If the game was made before this time (non-JAMMA), the connector on the PCB will be about 4 inches long and the pinouts will be unique to the game/manufacturer.
If the game was made after this time, it will likely use a JAMMA connector that is about 5 inches long and standard JAMMA pin-outs as shown to the right. The benefit of buying a JAMMA game is that you can easily buy another JAMMA arcade PCB from eBay, put it in your cabinet and play it (“plug-and-play”). Most arcades up until the early 2000s are JAMMA and typically the ones you are likely going to buy used today.
Now, on to the last golden rule:
Rule #5 - Take a cart and someone else when you pick it up.
Arcade games are far heavier and awkward to move than they look. A full-sized arcade cabinet is about 6 feet tall and weights upwards of 500 pounds (depending on the size of the CRT monitor). Also remember that there is a lot of wood in a typical arcade cabinet!

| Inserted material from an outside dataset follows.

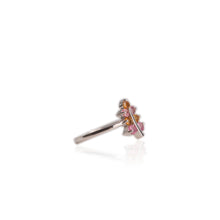 Load image into Gallery viewer, 3 mm. Round Cut Multi-coloured Brazilian Tourmaline Leaf Ring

A Dodge Caravan (with the seats removed) is usually big enough to transport an arcade game. Also make sure that the cart you use has a 1000 pound capacity and large air-filled rubber wheels to get over steps properly with a big arcade cabinet on it.
If you are worried about this because you don’t have a large vehicle or adequate space in your home, then you may want to search for an arcade game with a cocktail-style cabinet or a cabaret-style cabinet (shown below). These are much harder to find, as fewer were produced, and they are in higher demand by home collectors (for obvious reasons).